[Data excerpts]
⁂
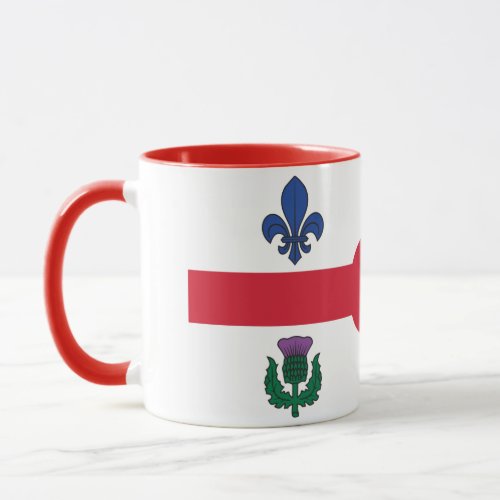 Flag of Montreal Quebec Mug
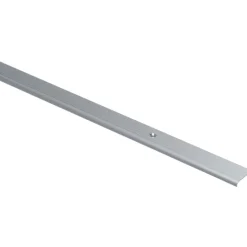 Essentials Trapkant Aluminium Geanodiseerd 25x6,3x2mm Met Neus 100 cm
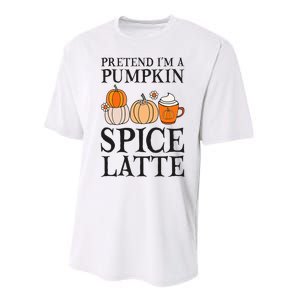 Pumpkin Spice Latte Lover Halloween Costume Performance Sprint T-Shirt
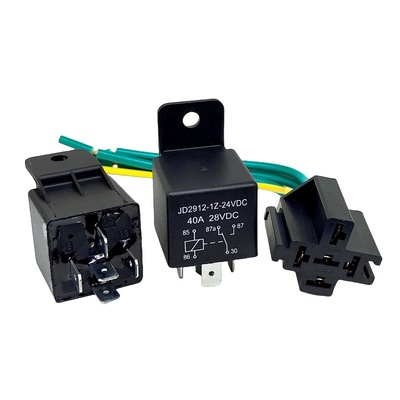 汽车继电器 JD2912-1Z-12VDC JD2912-1Z-24VDC 5脚带固定架继电器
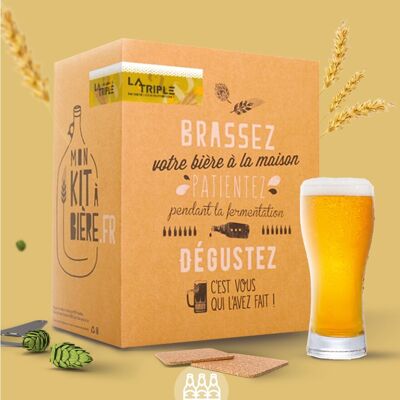 Kit complet de Brassage Artisanal Bière Triple 5 litres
⁂
Please output only the lines running from the one that holds "Pumpkin Spice Latte" through the last line of the entries, both ends included, without any images.

 Pumpkin Spice Latte Lover Halloween Costume Performance Sprint T-Shirt
 汽车继电器 JD2912-1Z-12VDC JD2912-1Z-24VDC 5脚带固定架继电器
 Kit complet de Brassage Artisanal Bière Triple 5 litres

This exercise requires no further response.